Skiing 8's on 8-8-08

 

Check Tim’s website for better photos and results from the big event.

P.S. I just realized that 3 of the 5 photo sets in my Summer ‘08 album are ski trips. Its been that kind of summer.

P.P.S. Tim also posted a video of the event, which you can view by clicking on the link to his website. It’s quite funny, in an embarrassing kind of way. We look like a bunch of old geezers feebly trying to ‘go big’ like the kids do. Which, my wife reminded me, is a pretty accurate description. Oh well, at least the music rocks.
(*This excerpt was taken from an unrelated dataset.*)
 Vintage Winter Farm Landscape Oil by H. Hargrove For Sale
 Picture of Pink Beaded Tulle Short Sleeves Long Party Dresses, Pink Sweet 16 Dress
Turnagain Pass to Spencer Glacier Packrafting Hike

Friday, August 1st, 2008

Last summer, Ian and I tried to hike from Turnagain Pass to Spencer Glacier Lake, then packraft out the Placer River. I call this trip “Center2 Spencer” (Center to Spencer) because the route is Center Ridge to Center Creek to Spencer Glacier. Its as clever as I could get.
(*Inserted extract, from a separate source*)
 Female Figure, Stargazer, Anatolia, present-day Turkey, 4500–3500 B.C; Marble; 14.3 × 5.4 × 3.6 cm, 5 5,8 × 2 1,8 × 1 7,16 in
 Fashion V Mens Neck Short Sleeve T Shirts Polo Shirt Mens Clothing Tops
Unfortunately, we had to turn back at the pass near Tincan Peak, above Center Ridge. The cliff was a little too high and we didn’t have the right gear. So its been on my list to complete this summer. Friday was a nice day, so we jumped at the chance to do it again. We also took along Bastien, an orienteer who is visiting from France.

This time we made it. It was a great trip, but I’d be remiss if I didn’t tell you that some parts sucked. The bushwhack up to the top of Center Ridge wasn’t fun, but it was only half an hour. And after that, the walking on Center Ridge was great. Going over the pass was a challenge, but was made much more doable by good snow conditions and the fact that we had ice axes. The walking on the other side of the pass was easy-going with spectacular views, except for one steep bushwhacking section just before Center Creek Pass. And then, of course, the descent from Center Creek to Spencer Lake was awful. Some of the nastiest bushwhacking I’ve done. If they ever build the proposed whistle-stop trail down this slope, this could become a classic packraft trip. But not until then.

The trip took a total of 11 hours. We hiked quickly, but didn’t push the pace, and we stopped for a few snack breaks. We had a great time and made the most of a rare sunny day. Check out the photos for more details. Thanks to Bill for giving us info from his ski trip on this route in June.